COUR ADMINISTRATIVE D'APPEL DE LYON — Décision N° CAA69-21LY01618

jeudi 23 juin 2022

JuridictionCOUR ADMINISTRATIVE D'APPEL DE LYON
SectionCOUR ADMINISTRATIVE D'APPEL DE LYON
N° DossierCAA69-21LY01618
TypeDécision
Recoursexcès de pouvoir
PublicationC
Formation7ème chambre - formation à 3
Avocat requérantGRENIER

Texte intégral

Vu la procédure suivante :

Procédure contentieuse antérieure

M. B a demandé au tribunal administratif de Dijon :

- d'une part, d'annuler l'arrêté du 8 juillet 2020 par lequel le préfet de la Côte-d'Or lui a refusé la délivrance d'une carte de séjour temporaire en qualité de jeune majeur et lui a fait obligation de quitter le territoire sans délai, a désigné le pays à destination duquel il pourra être renvoyé d'office et lui a fait interdiction de retour sur le territoire français pour une durée d'un an et d'enjoindre à cette autorité de lui délivrer un titre de séjour dans le délai d'un mois à compter de la notification du jugement ;

- d'autre part, d'annuler l'arrêté du 15 avril 2021 par lequel le préfet de la Côte-d'Or l'a assigné à résidence pour une durée de quarante-cinq jours.

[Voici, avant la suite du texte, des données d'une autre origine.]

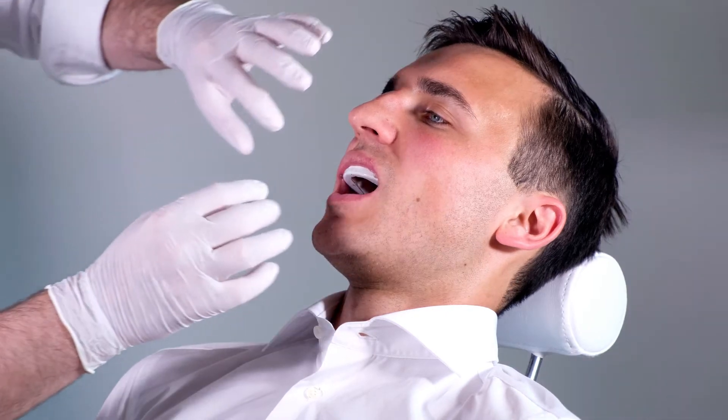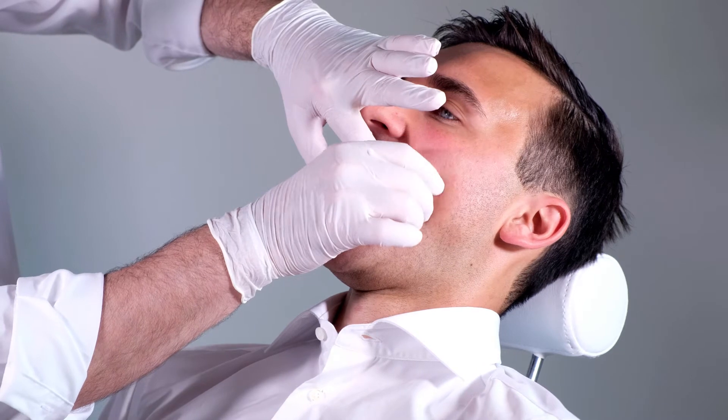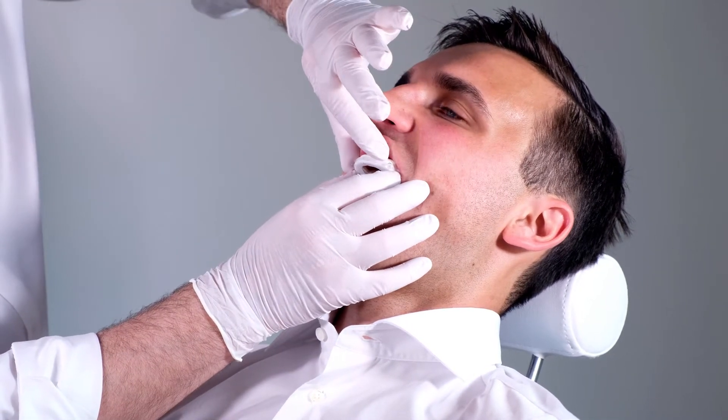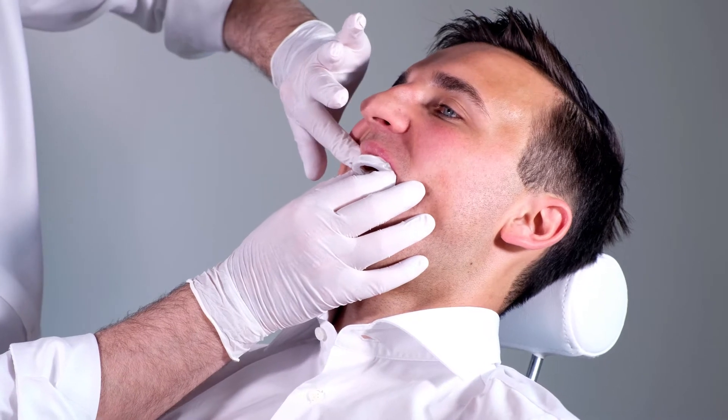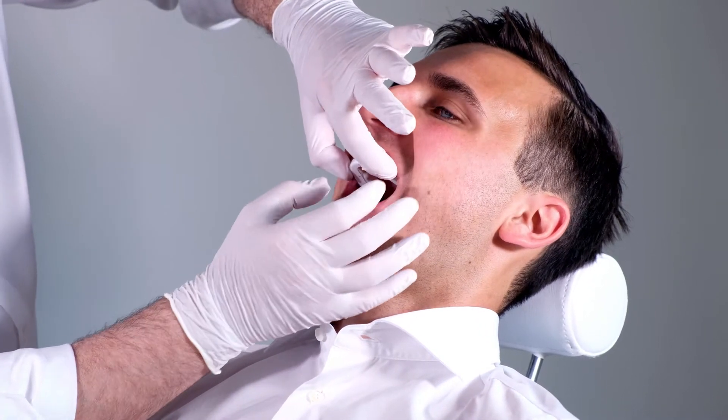With a slightly forward lower jaw, keep the mouth closed for about one and a half minutes. The patient should swallow and gently press the thermoplastic material with his or her tongue against the inner wall. Meanwhile, let the patient open his or her mouth and check whether the outer and inner wall of the tray are close to the teeth; correct if necessary.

Par jugement nos 2001696, 2101087 lu le 21 avril 2021, la magistrate désignée par le président du tribunal a fait droit aux conclusions de ses demandes d'annulation de l'arrêté du 8 juillet 2020 en tant qu'il oblige M. A à quitter le territoire français sans délai, fixe le pays à destination duquel il pourra être éloigné et prononce à son encontre une interdiction de retour sur le territoire français d'une durée d'un an, ainsi que d'annulation de l'arrêté du 15 avril 2021 par lequel le préfet de la Côte-d'Or a assigné M. A à résidence pour une durée de quarante-cinq jours, et a renvoyé les conclusions à fin d'annulation de la décision par laquelle le préfet de la Côte-d'Or a refusé de lui délivrer un titre de séjour ainsi que les conclusions accessoires dont elles étaient assorties à la formation du tribunal.

Procédure devant la cour

Par requête enregistrée le 21 mai 2021, le préfet de la Côte-d'Or, représenté par Me Claisse, demande à la cour d'annuler ce jugement en tant qu'il a annulé l'arrêté du 8 juillet 2020 en tant qu'il oblige M. A à quitter le territoire français sans délai, fixe le pays à destination duquel il pourra être éloigné et prononce à son encontre une interdiction de retour sur le territoire français d'une durée d'un an, ainsi que l'arrêté du 15 avril 2021 par lequel le M. A a été assigné à résidence pour une durée de quarante-cinq jours, et de rejeter les conclusions de ses demandes présentée au tribunal par M. A et tendant à l'annulation de ces décisions.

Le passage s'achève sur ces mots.